> _EXERCISE DATA_:
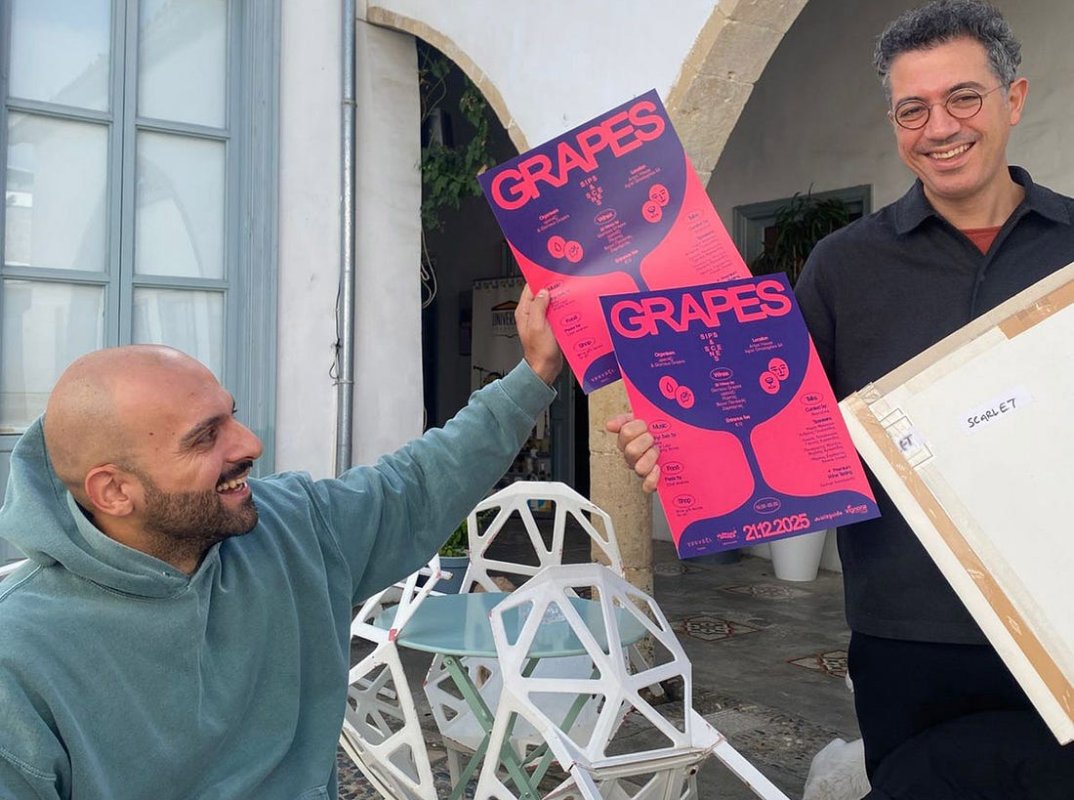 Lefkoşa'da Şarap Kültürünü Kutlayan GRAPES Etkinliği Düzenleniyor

...

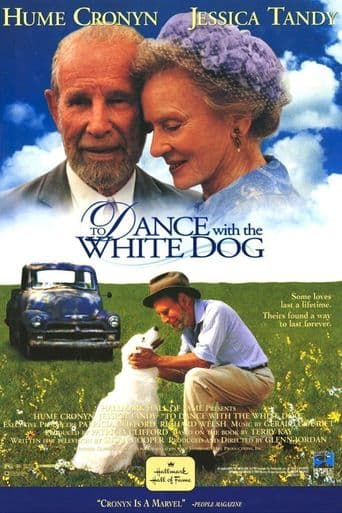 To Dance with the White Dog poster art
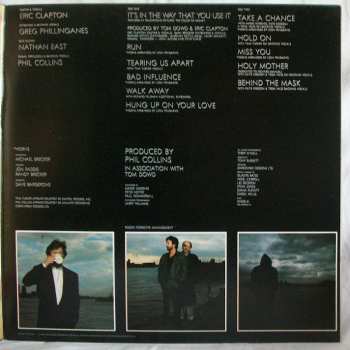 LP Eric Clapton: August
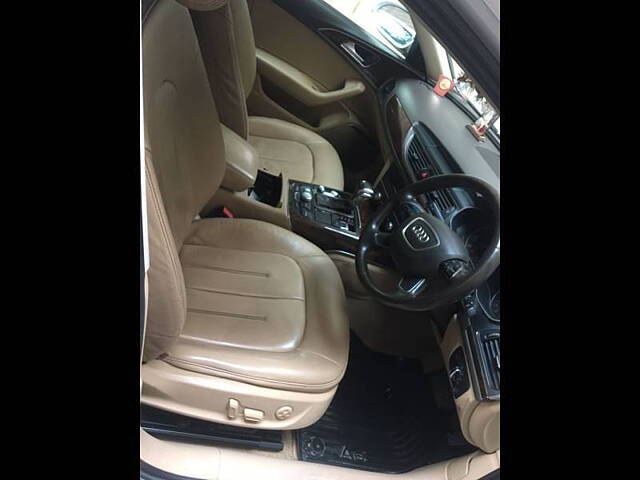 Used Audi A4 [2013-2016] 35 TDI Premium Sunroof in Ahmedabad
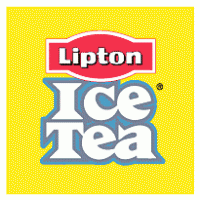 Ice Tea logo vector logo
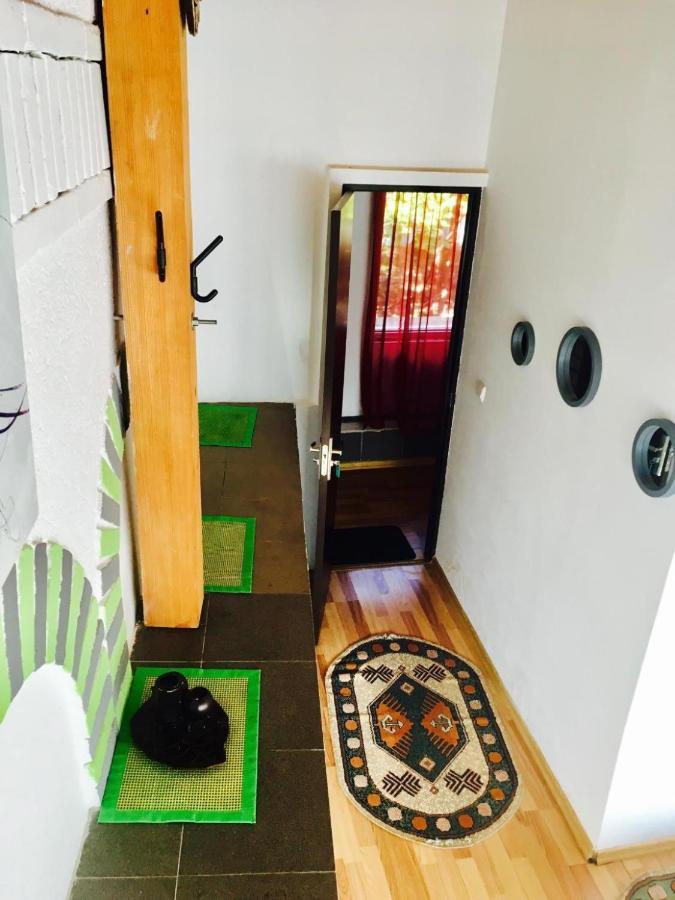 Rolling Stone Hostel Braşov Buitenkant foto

* * *

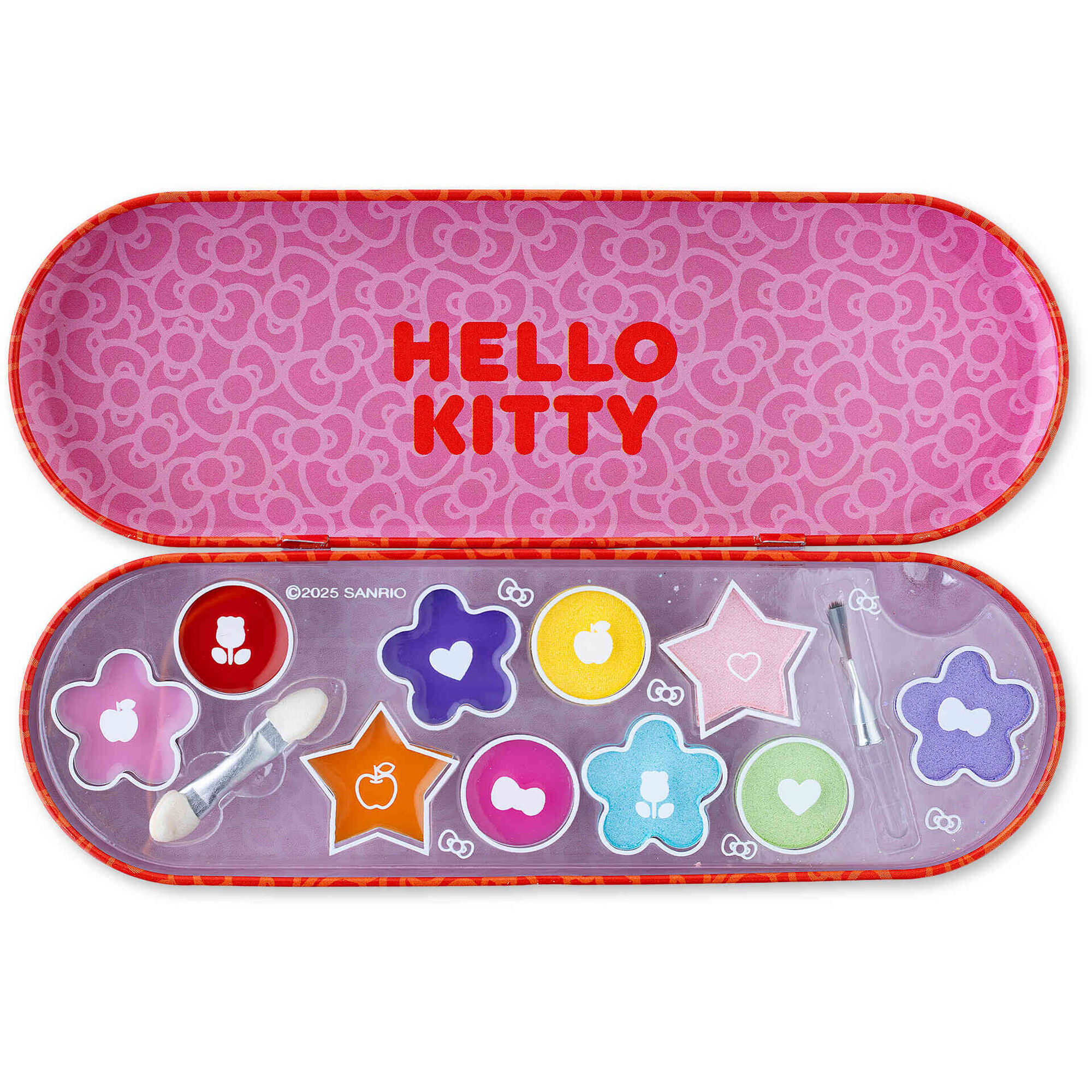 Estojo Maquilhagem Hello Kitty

> _REQUIRED ACTION_: Nothing but the lines from the one containing "To Dance with the White Dog poster art" through the one containing "Rolling Stone Hostel Braşov Buitenkant foto" should appear, copied exactly from the material above and without pictures.

> _SOLUTION TO THIS EXERCISE_:
 To Dance with the White Dog poster art
 LP Eric Clapton: August
 Used Audi A4 [2013-2016] 35 TDI Premium Sunroof in Ahmedabad
 Ice Tea logo vector logo
 Rolling Stone Hostel Braşov Buitenkant foto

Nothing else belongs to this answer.